Provided records:
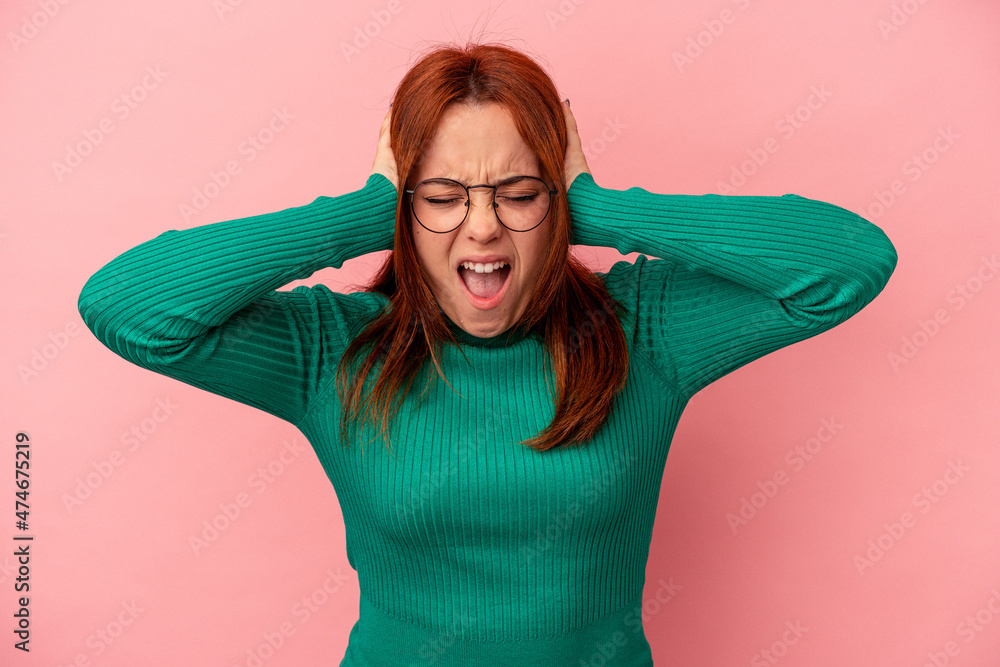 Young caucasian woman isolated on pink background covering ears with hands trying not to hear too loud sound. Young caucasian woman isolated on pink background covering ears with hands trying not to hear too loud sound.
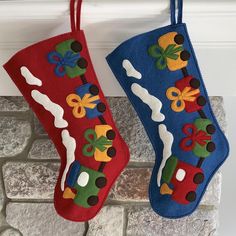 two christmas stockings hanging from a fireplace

--

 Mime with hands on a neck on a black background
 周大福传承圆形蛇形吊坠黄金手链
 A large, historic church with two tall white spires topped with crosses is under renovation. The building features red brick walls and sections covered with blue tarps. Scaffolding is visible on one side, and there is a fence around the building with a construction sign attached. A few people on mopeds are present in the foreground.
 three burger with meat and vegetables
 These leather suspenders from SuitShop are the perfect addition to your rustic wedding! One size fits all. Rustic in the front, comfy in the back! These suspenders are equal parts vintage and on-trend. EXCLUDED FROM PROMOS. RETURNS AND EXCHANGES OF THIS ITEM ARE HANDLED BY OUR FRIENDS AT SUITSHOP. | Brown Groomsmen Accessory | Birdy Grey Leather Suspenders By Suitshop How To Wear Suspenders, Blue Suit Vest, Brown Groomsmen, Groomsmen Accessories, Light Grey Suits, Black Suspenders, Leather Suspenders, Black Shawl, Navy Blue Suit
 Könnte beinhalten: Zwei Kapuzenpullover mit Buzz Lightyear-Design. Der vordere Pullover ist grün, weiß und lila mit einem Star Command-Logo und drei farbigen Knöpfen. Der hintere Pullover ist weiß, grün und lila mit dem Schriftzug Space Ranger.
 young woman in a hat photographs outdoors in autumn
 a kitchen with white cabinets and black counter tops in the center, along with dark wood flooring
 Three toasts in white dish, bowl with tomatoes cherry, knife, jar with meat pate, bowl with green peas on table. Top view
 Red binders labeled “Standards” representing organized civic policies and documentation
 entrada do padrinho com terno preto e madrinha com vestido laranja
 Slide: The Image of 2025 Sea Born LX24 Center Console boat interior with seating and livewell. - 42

What you are asked to do:
From the entries above, extract only the lines running from the one containing "three burger with meat and vegetables" through the one containing "Slide: The Image", inclusive.

Exercise answer:
 three burger with meat and vegetables
 These leather suspenders from SuitShop are the perfect addition to your rustic wedding! One size fits all. Rustic in the front, comfy in the back! These suspenders are equal parts vintage and on-trend. EXCLUDED FROM PROMOS. RETURNS AND EXCHANGES OF THIS ITEM ARE HANDLED BY OUR FRIENDS AT SUITSHOP. | Brown Groomsmen Accessory | Birdy Grey Leather Suspenders By Suitshop How To Wear Suspenders, Blue Suit Vest, Brown Groomsmen, Groomsmen Accessories, Light Grey Suits, Black Suspenders, Leather Suspenders, Black Shawl, Navy Blue Suit
 Könnte beinhalten: Zwei Kapuzenpullover mit Buzz Lightyear-Design. Der vordere Pullover ist grün, weiß und lila mit einem Star Command-Logo und drei farbigen Knöpfen. Der hintere Pullover ist weiß, grün und lila mit dem Schriftzug Space Ranger.
 young woman in a hat photographs outdoors in autumn
 a kitchen with white cabinets and black counter tops in the center, along with dark wood flooring
 Three toasts in white dish, bowl with tomatoes cherry, knife, jar with meat pate, bowl with green peas on table. Top view
 Red binders labeled “Standards” representing organized civic policies and documentation
 entrada do padrinho com terno preto e madrinha com vestido laranja
 Slide: The Image of 2025 Sea Born LX24 Center Console boat interior with seating and livewell. - 42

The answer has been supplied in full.